MatrasNews, Bandung – Gubernur Jawa Barat, Dedi Mulyadi (KDM), menegaskan bahwa Gerakan Rereongan Sapoe Sarebu atau “Poe Ibu” merupakan inisiatif partisipatif berbasis gotong royong, bukan kebijakan resmi pemerintah untuk memungut uang.
Melalui akun media sosialnya, KDM membantah adanya kebijakan yang memerintahkan pengumpulan uang Rp1.000 dari pelajar, pekerja, atau Aparatur Sipil Negara (ASN). “Tidak ada kebijakan seperti itu.
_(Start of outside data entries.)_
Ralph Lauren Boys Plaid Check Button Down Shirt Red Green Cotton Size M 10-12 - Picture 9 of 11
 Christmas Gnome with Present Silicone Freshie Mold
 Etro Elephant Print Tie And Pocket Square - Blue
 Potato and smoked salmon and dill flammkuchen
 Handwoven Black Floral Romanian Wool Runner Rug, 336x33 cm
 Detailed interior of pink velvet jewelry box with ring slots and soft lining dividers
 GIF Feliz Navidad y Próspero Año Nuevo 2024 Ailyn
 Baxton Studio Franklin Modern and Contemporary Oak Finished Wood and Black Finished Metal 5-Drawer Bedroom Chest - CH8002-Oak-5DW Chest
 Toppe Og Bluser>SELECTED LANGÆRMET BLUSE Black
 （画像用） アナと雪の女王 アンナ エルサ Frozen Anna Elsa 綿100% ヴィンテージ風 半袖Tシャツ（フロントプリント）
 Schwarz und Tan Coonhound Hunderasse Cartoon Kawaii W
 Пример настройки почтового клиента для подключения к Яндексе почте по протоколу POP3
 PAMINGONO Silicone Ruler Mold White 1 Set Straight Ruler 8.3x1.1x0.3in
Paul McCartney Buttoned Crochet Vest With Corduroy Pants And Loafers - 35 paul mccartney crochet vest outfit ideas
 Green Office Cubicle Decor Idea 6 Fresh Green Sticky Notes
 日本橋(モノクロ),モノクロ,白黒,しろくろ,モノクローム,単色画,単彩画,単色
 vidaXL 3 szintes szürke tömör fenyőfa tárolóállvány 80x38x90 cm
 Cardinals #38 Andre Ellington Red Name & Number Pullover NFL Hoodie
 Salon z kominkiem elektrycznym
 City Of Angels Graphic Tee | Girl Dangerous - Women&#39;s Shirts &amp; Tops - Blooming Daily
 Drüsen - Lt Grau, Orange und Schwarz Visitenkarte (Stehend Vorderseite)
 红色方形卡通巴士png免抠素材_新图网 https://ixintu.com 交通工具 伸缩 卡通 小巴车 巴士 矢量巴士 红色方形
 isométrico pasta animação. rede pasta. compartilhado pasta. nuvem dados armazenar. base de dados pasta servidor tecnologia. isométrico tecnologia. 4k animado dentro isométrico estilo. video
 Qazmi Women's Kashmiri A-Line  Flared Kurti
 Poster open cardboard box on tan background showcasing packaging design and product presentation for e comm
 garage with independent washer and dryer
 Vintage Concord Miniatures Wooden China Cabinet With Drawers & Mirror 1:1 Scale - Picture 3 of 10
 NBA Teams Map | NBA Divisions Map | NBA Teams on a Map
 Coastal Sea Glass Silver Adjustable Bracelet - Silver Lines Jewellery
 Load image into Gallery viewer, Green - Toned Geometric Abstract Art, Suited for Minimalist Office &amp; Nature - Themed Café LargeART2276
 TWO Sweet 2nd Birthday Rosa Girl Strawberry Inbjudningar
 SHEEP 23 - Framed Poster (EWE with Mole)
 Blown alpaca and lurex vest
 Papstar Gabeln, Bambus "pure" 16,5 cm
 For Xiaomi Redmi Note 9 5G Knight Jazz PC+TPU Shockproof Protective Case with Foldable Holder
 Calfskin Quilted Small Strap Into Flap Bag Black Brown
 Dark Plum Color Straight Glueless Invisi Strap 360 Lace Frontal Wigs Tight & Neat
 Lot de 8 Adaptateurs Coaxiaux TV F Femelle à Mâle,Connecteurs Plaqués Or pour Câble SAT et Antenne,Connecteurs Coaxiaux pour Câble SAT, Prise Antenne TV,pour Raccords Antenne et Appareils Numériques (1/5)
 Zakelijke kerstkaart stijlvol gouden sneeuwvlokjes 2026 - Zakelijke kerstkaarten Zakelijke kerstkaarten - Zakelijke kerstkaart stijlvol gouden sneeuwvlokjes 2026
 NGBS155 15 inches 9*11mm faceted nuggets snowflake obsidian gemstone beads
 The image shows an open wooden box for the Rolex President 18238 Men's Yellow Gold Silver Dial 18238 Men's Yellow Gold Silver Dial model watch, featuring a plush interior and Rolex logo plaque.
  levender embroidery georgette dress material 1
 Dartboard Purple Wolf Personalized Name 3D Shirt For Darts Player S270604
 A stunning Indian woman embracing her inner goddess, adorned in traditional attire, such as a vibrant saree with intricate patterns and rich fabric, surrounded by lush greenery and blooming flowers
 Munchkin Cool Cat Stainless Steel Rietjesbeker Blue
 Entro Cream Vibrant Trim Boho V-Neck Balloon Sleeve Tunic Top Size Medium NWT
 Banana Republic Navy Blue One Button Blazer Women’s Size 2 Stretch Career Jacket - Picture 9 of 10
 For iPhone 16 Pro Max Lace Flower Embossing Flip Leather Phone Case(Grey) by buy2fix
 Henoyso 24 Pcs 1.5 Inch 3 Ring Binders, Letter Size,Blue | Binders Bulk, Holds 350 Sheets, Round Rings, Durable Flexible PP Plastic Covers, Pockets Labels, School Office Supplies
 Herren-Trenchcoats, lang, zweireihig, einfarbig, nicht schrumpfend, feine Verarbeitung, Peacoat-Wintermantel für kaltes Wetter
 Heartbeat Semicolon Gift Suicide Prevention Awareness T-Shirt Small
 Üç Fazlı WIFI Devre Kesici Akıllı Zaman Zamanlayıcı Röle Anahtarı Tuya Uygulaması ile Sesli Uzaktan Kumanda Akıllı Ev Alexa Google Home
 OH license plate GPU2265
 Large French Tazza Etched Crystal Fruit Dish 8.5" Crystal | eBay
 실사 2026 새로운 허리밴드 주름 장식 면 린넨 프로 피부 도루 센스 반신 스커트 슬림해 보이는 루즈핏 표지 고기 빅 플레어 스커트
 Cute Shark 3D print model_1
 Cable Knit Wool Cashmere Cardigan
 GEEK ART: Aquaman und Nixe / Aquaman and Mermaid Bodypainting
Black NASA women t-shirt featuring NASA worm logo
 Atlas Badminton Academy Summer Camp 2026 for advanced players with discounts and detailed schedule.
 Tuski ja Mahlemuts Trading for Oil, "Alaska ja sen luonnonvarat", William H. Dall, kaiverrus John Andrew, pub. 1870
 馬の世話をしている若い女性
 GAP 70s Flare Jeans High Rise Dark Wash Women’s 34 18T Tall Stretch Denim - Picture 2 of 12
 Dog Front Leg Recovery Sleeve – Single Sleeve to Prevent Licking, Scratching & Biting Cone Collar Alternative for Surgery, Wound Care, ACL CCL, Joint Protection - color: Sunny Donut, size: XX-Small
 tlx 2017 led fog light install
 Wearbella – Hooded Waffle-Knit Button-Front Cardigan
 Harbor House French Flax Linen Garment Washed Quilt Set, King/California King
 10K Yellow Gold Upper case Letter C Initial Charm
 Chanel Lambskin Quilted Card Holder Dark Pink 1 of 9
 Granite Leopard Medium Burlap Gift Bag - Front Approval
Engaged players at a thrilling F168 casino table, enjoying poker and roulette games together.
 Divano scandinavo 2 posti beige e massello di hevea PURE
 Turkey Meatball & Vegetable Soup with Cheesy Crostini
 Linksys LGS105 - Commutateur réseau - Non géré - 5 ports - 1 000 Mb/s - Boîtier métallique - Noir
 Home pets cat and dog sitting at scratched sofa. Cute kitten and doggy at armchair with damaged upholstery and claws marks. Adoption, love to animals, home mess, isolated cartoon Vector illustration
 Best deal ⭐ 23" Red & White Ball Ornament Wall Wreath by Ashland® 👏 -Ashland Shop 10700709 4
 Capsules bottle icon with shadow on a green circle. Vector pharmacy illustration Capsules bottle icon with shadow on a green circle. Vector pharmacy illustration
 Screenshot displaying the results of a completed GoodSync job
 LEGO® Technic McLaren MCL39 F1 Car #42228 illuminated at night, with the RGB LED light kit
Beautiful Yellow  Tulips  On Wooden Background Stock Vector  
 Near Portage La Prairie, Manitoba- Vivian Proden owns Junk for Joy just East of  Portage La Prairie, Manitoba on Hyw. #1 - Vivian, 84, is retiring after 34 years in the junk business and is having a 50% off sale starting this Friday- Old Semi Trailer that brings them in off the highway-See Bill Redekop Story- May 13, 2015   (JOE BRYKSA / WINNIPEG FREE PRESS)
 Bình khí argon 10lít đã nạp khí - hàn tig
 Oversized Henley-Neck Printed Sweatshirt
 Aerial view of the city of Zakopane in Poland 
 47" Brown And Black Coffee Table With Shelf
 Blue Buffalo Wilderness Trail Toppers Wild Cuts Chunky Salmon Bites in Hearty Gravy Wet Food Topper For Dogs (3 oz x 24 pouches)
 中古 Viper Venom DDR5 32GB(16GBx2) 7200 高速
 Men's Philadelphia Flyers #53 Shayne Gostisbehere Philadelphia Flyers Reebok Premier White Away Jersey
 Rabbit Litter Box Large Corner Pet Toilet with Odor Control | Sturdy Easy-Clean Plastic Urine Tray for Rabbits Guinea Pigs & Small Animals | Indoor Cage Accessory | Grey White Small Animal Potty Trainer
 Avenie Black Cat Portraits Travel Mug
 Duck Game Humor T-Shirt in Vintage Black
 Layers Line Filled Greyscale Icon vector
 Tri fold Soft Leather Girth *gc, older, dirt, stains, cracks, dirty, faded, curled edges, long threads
Yang ada hanyalah ajakan dari gubernur kepada seluruh jajaran pemerintah untuk bersama-sama membangun solidaritas sosial,” jelasnya.
Gerakan ini berlandaskan nilai kearifan lokal Sunda, silih asah, silih asih, silih asuh (saling mencerdaskan, menyayangi, dan melindungi).
Tujuannya adalah mengatasi kesulitan warga, seperti biaya transportasi saat berobat, meskipun layanan kesehatan sudah gratis.
“Ada yang tidak punya ongkos ke rumah sakit, bahkan kesulitan bolak-balik kemoterapi dari Cirebon ke Jakarta,” ujar KDM.
Sebagai solusi, KDM mengusulkan setiap RT membentuk bendahara terpercaya untuk menampung sumbangan sukarela Rp1.000 per hari di kotak depan rumah, mirip tradisi beas jimpitan. Dana ini dikelola secara transparan dengan laporan bulanan kepada warga.
“Di setiap RT sudah ada grup WA, sangat mudah untuk koordinasi dan pelaporan,” tambahnya.
Gubernur juga mengimbau para bupati dan wali kota agar mengoordinasikan ASN-nya untuk aktif melayani masyarakat yang membutuhkan bantuan, sehingga gerakan gotong royong ini dapat dirasakan langsung di tingkat akar rumput.